• **ACTIVITY**: Provide a verbatim copy of all the records below, leaving the images out.

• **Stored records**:
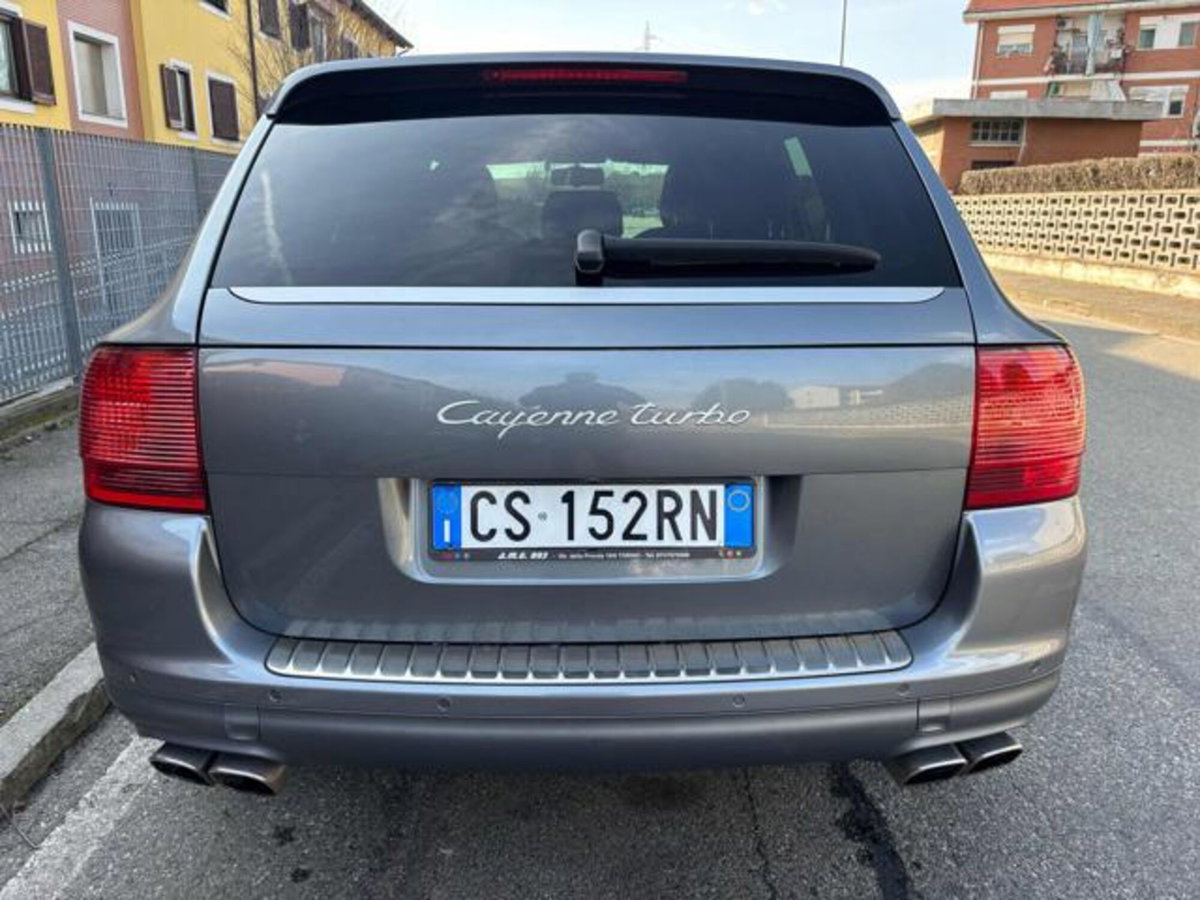Porsche Cayenne 4.5 cat Turbo (6)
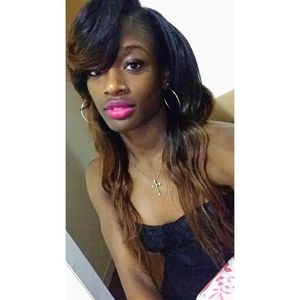 Meet your Posher, Dinesha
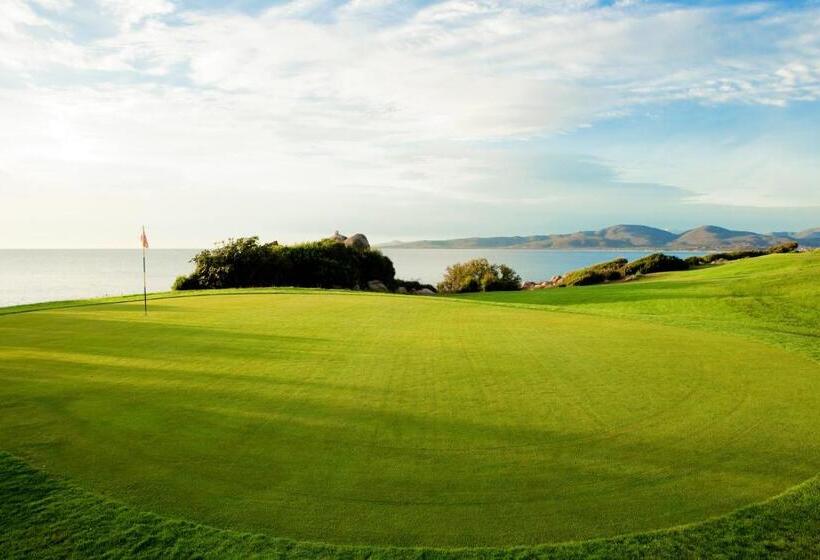 هتل Due Lune Puntaldia Resort & Golf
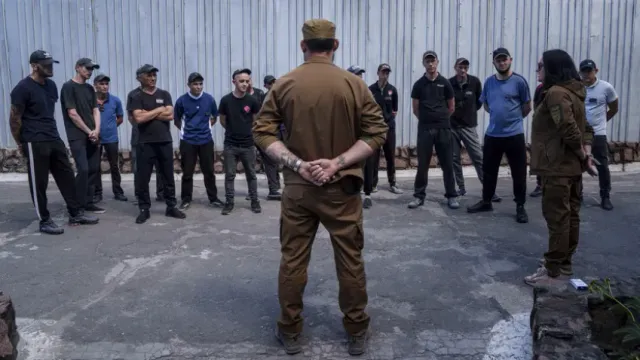 Украинское правительство планирует привлечь 15 тысяч заключенных в ряды ВСУ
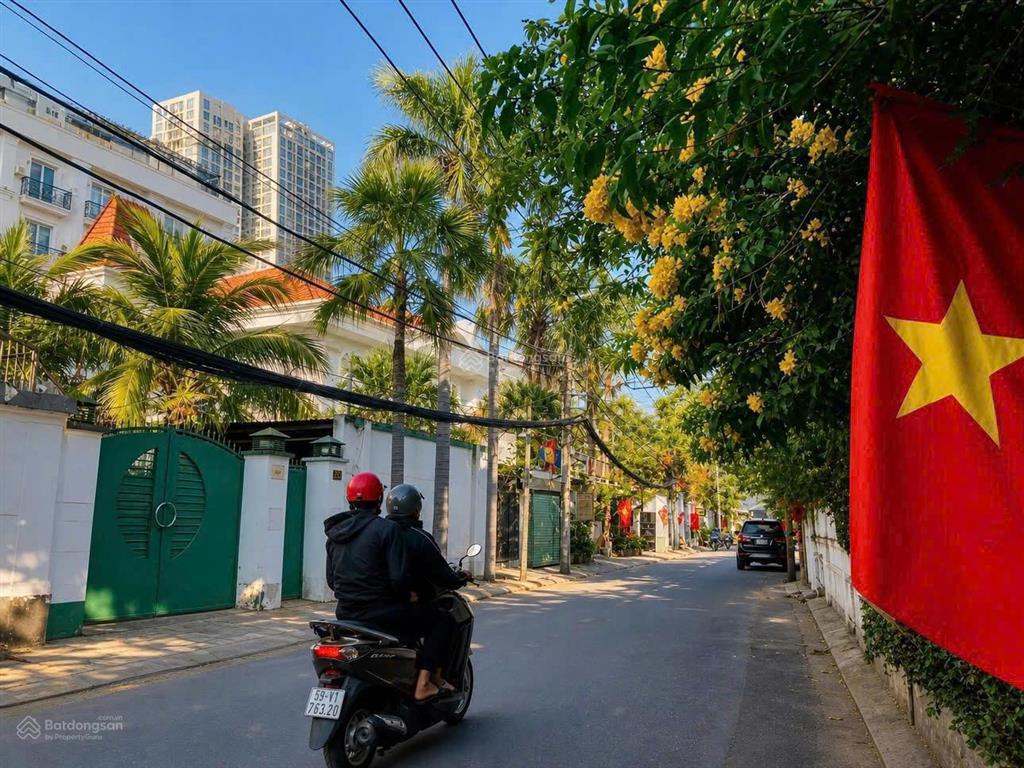 Đất vàng thảo điền quốc hương nối dài ngang 15,2m dài 33m cn 502m2  202 triệu/m2  giá bán 102 tỷ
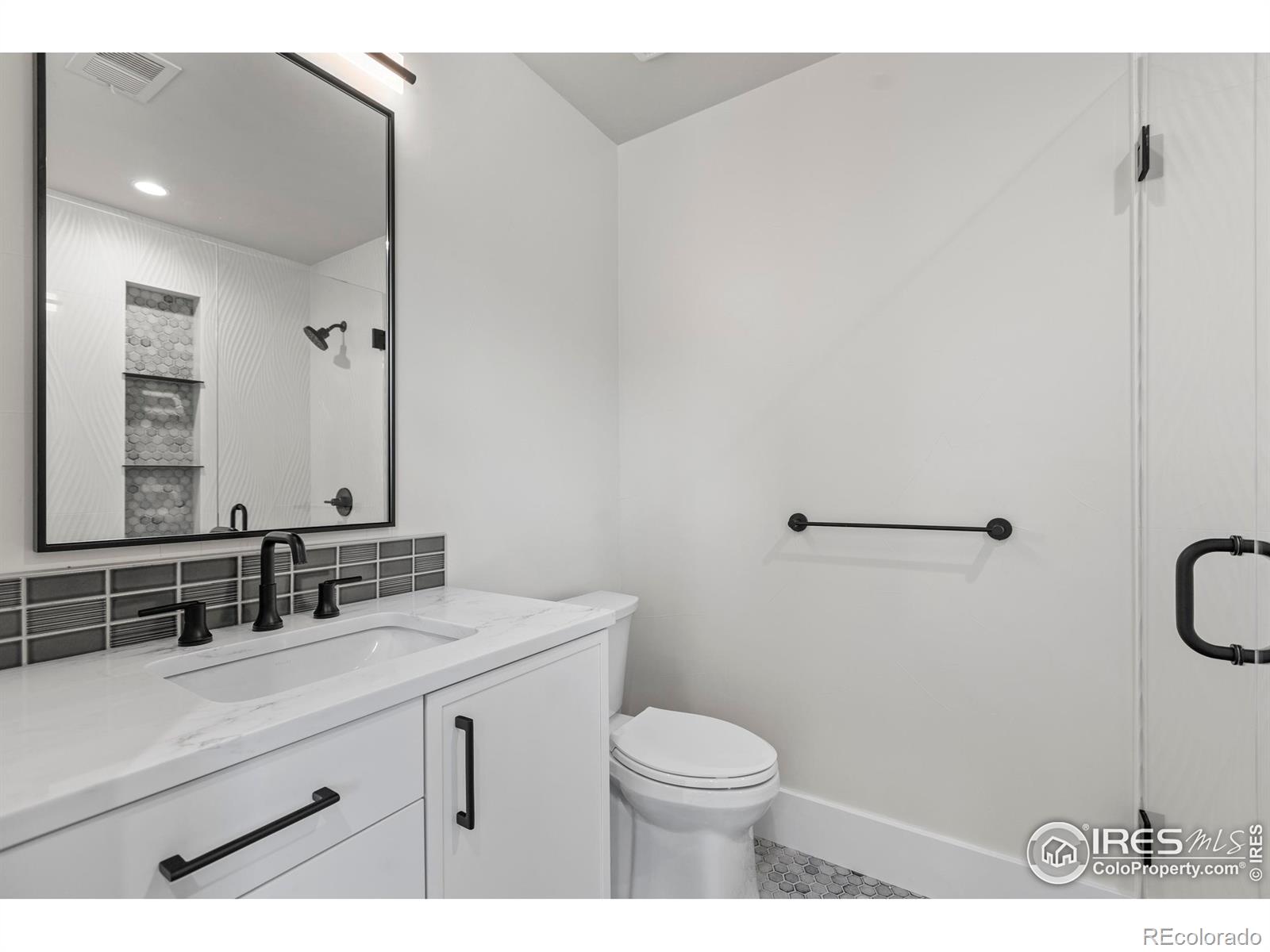 MLS Image #38 for 2668  big creek court,berthoud, Colorado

• **PROBLEM SOLUTION**:
Porsche Cayenne 4.5 cat Turbo (6)
 Meet your Posher, Dinesha
 هتل Due Lune Puntaldia Resort & Golf
 Украинское правительство планирует привлечь 15 тысяч заключенных в ряды ВСУ
 Đất vàng thảo điền quốc hương nối dài ngang 15,2m dài 33m cn 502m2  202 triệu/m2  giá bán 102 tỷ
 MLS Image #38 for 2668  big creek court,berthoud, Colorado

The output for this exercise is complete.